- [Task statement]: While leaving the pictures out, set down only the lines from the one with "イタリア一人旅/女1人旅/南" through the end of the records, exactly as they stand.

--------------------------------------------------

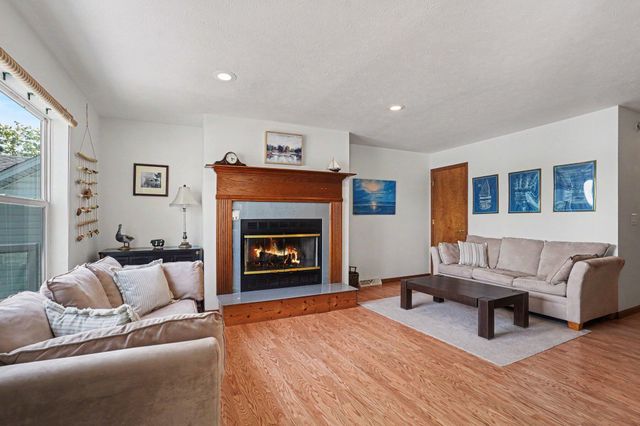 47292 Woodland Drive, Bangor, MI 49013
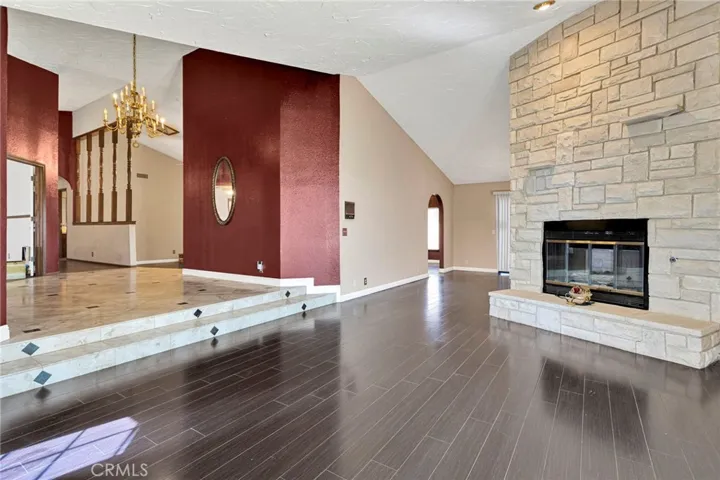 13889 Olathe Road, Apple Valley, California 92307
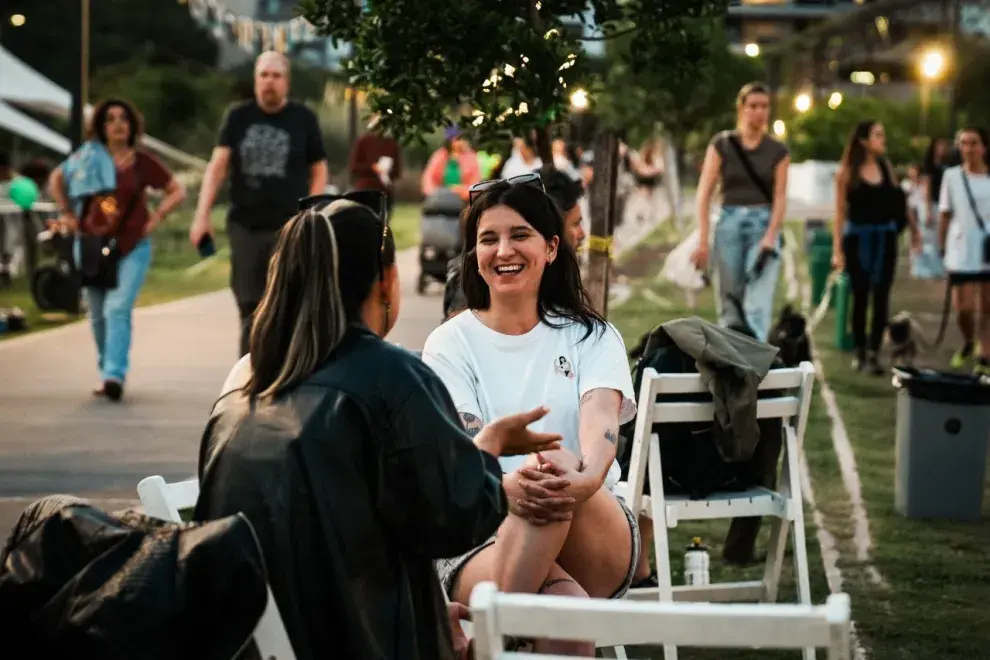 En la Costanera habrá altas dosis de adrenalina con Buenos Aires Extremo. Y el lunes Abel Pintos inaugura la temporada de fiestas con la Misa Criolla.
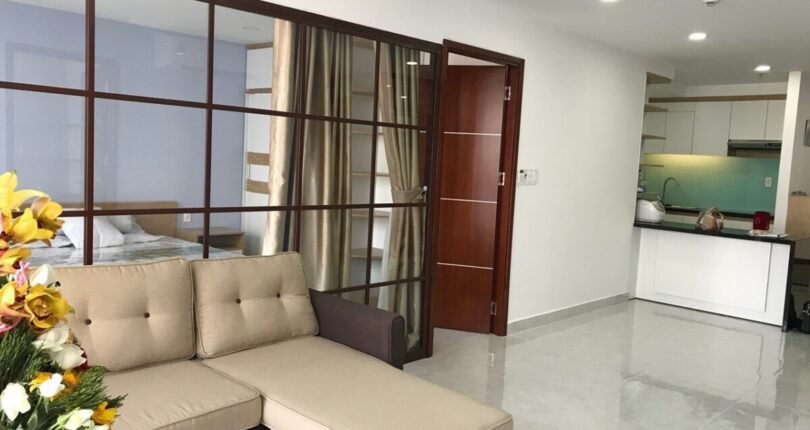 phong khach can ho 810x430 - Bán gấp căn hộ 3 phòng ngủ block A view trực diện hồ bơi Chung cư Scenic Valley 1 giá 6,3 tỷ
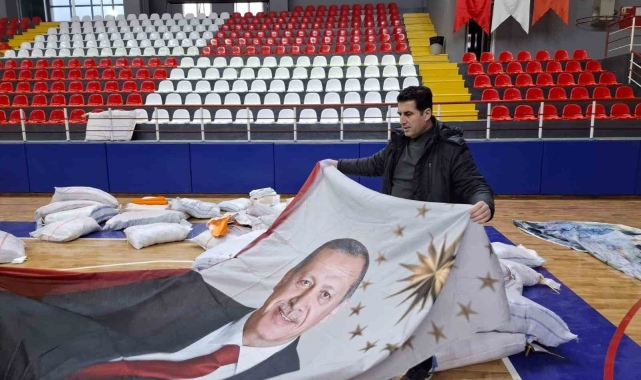 Denizli AK Parti'de örnek devir teslim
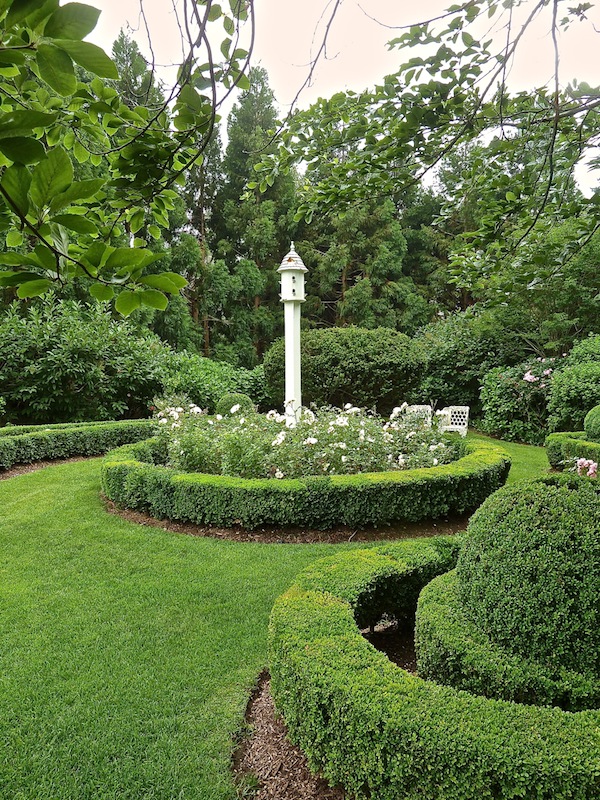 Lauder gardens in East Hampton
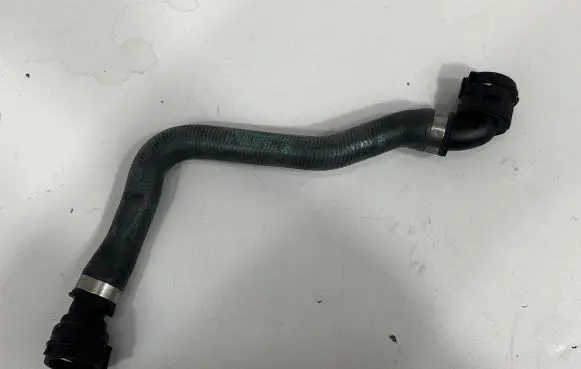 BMW 5 G30 G31 Engine coolant pipe/hose 8602676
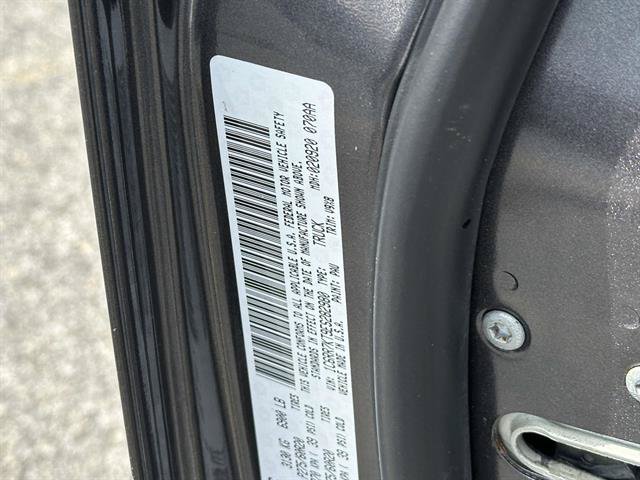 Used 2014 RAM 1500 Express AWD/4WD image 13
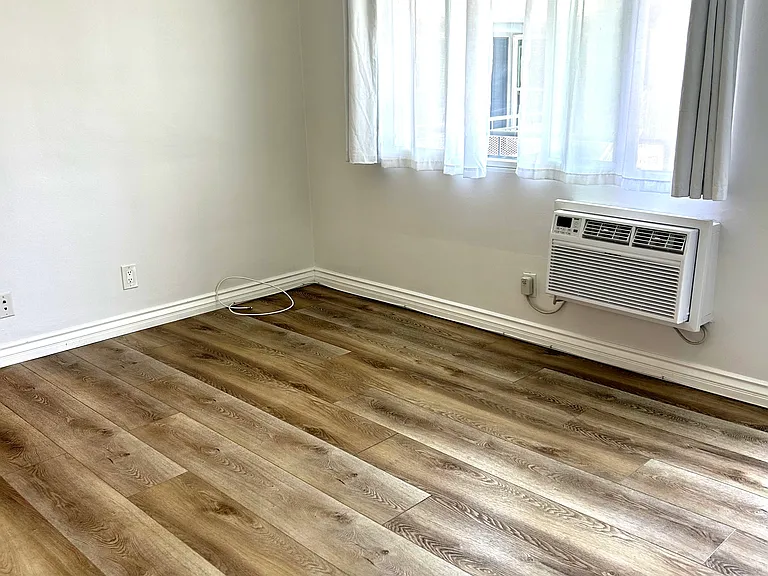 13000 Valleyheart Dr #4 — Photo 3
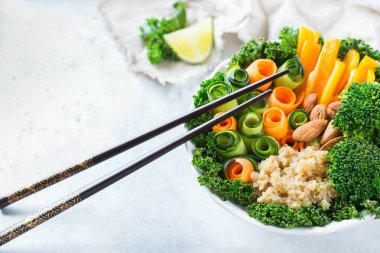 Sağlıklı vegan Buda kase ile Lahana yaprakları ve çiğ sebze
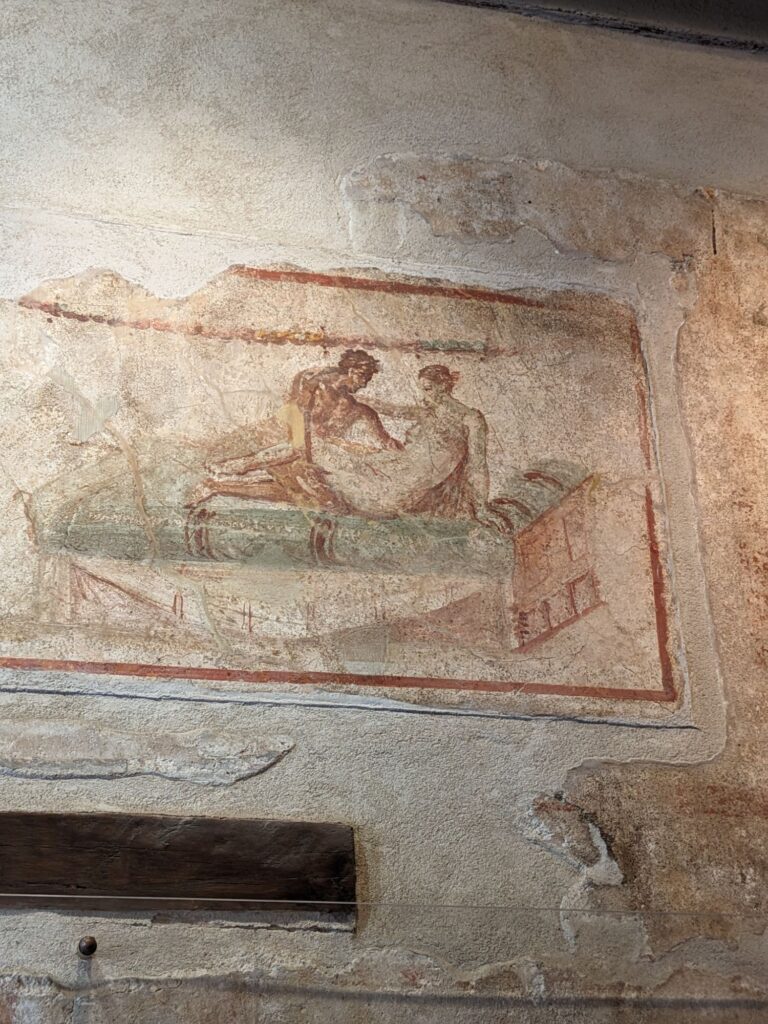 イタリア一人旅/女1人旅/南イタリア/ナポリ/ポンペイ遺跡/HISツアー/遊郭/娼婦/館/ルパナーレ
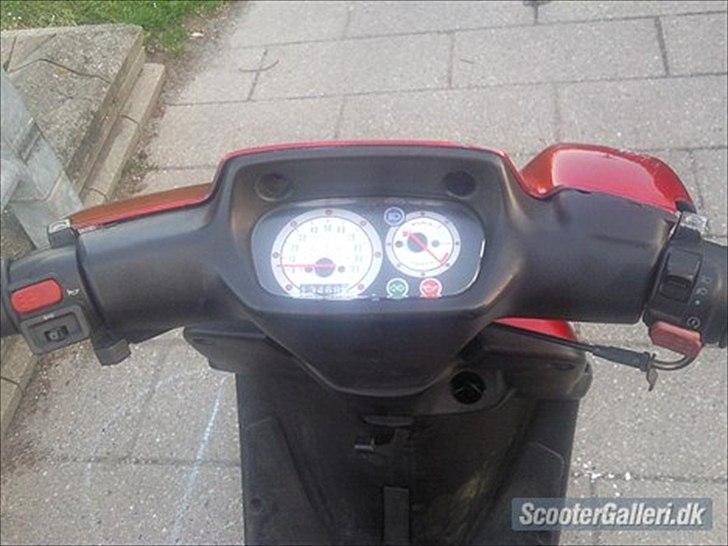 Yamaha bws ng solgt billede 2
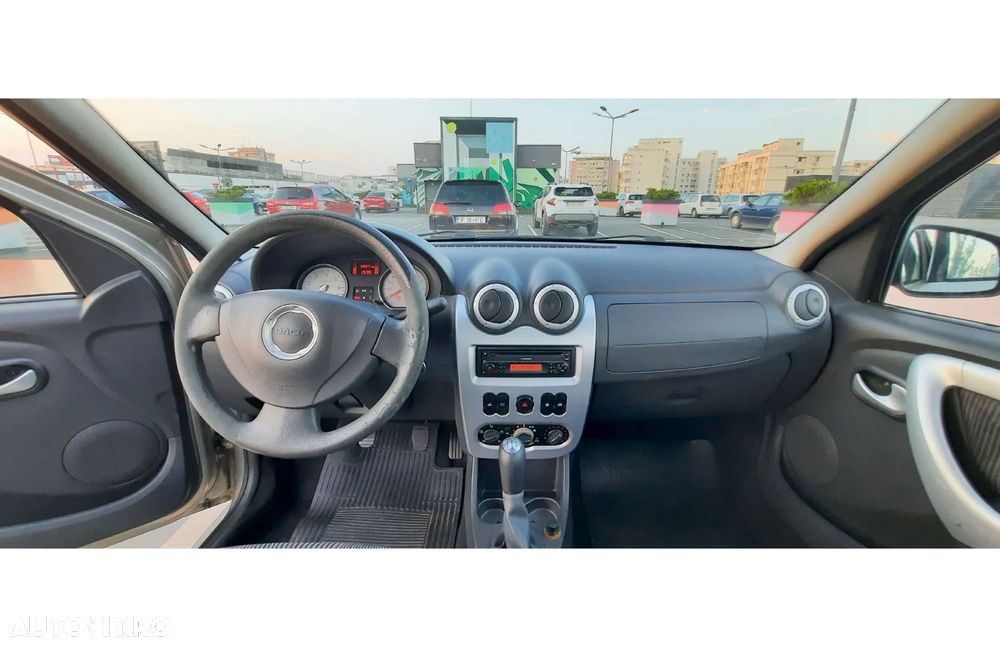 Dacia Logan 1.4 MPI Laureate - 7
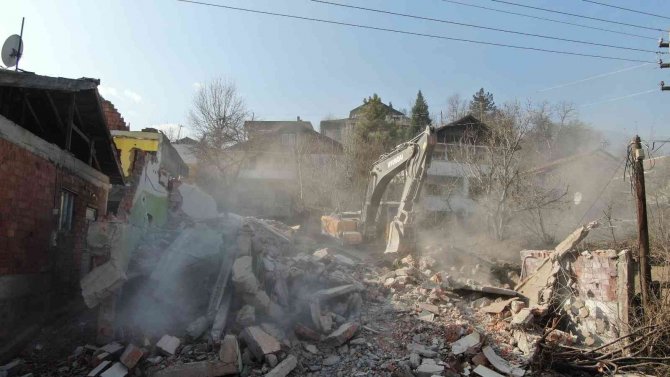 Karabük Üçüncü Etap Kentsel Dönüşüm Projesi İçin Yıkımlar Sürüyor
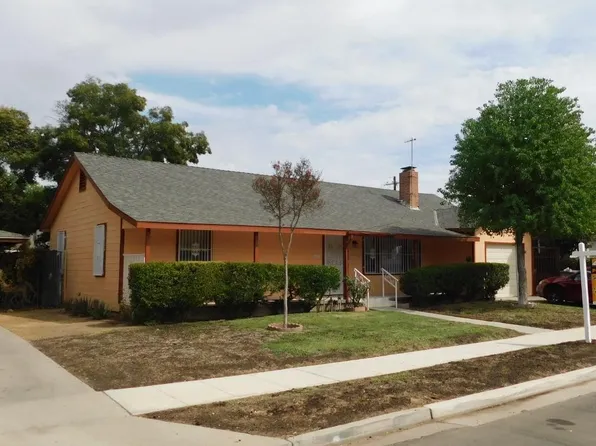 4691 E McKenzie Ave, Fresno, CA 93702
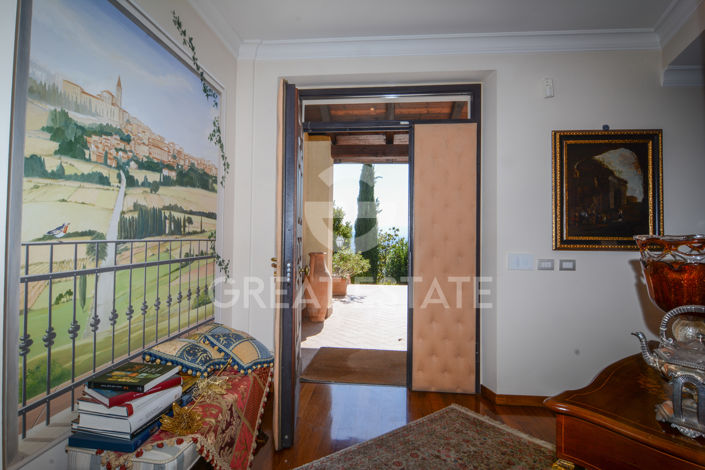 Image No.18-3 Bed Villa for sale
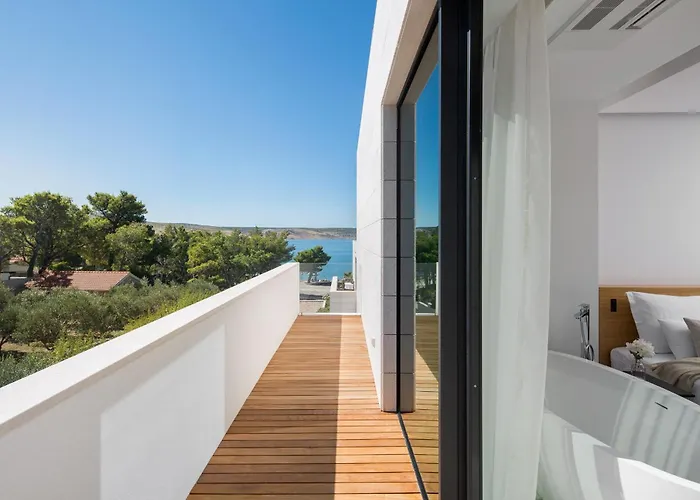 5-star Calma Ii With Heated Pool & Jacuzzi Oasis 别墅 斯塔利格拉德-帕克利尼卡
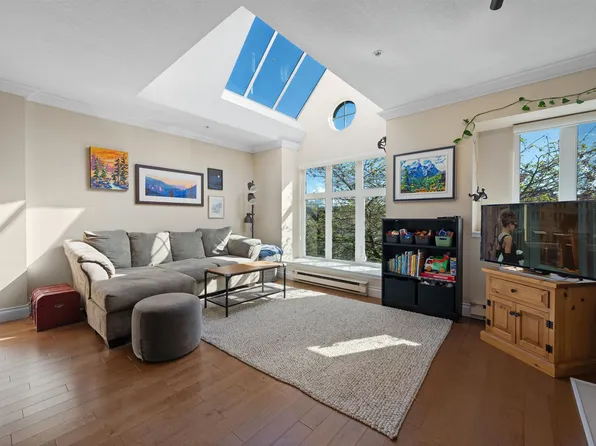 2251 Heather St, Vancouver, BC V5Z 4J9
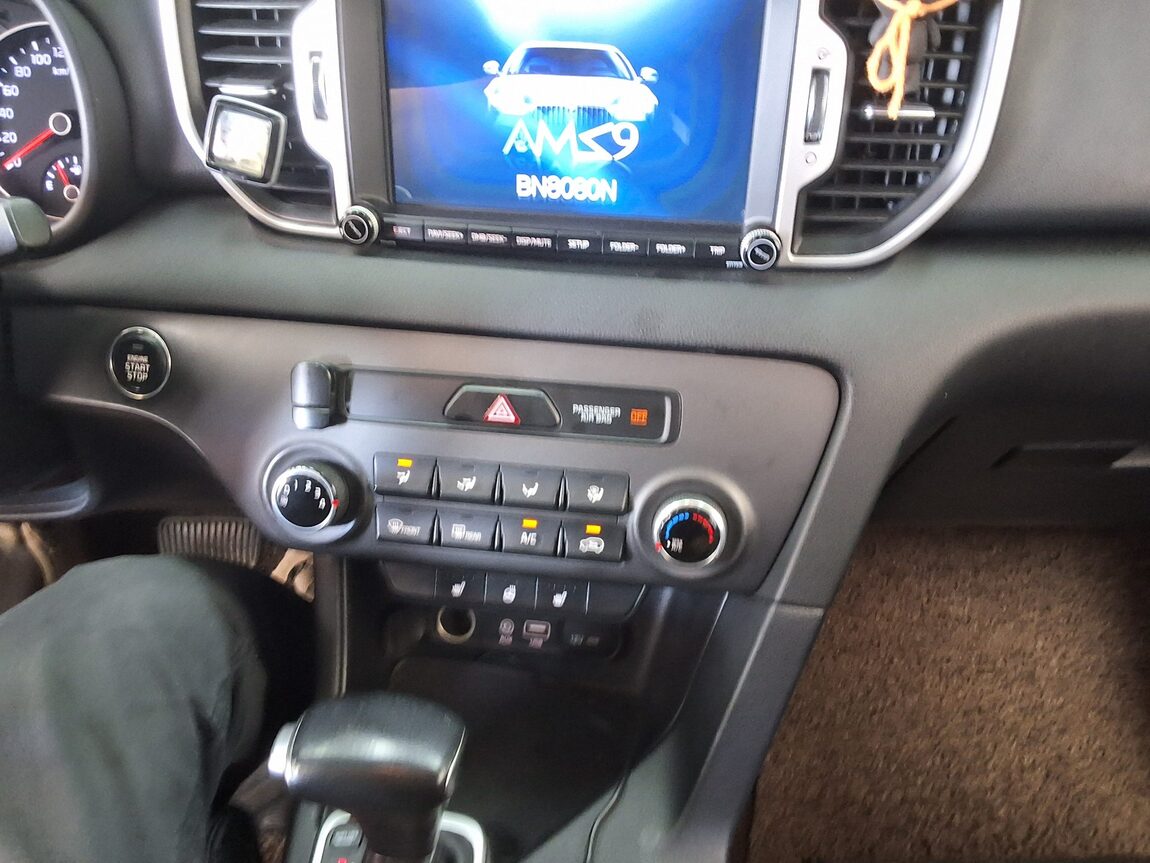 KIA NEW SPORTAGE R2.0 2WD PRESTIGE 2016 - zdjęcie 24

--------------------------------------------------

- [Response]:
 イタリア一人旅/女1人旅/南イタリア/ナポリ/ポンペイ遺跡/HISツアー/遊郭/娼婦/館/ルパナーレ
 Yamaha bws ng solgt billede 2
 Dacia Logan 1.4 MPI Laureate - 7
 Karabük Üçüncü Etap Kentsel Dönüşüm Projesi İçin Yıkımlar Sürüyor
 4691 E McKenzie Ave, Fresno, CA 93702
 Image No.18-3 Bed Villa for sale
 5-star Calma Ii With Heated Pool & Jacuzzi Oasis 别墅 斯塔利格拉德-帕克利尼卡
 2251 Heather St, Vancouver, BC V5Z 4J9
 KIA NEW SPORTAGE R2.0 2WD PRESTIGE 2016 - zdjęcie 24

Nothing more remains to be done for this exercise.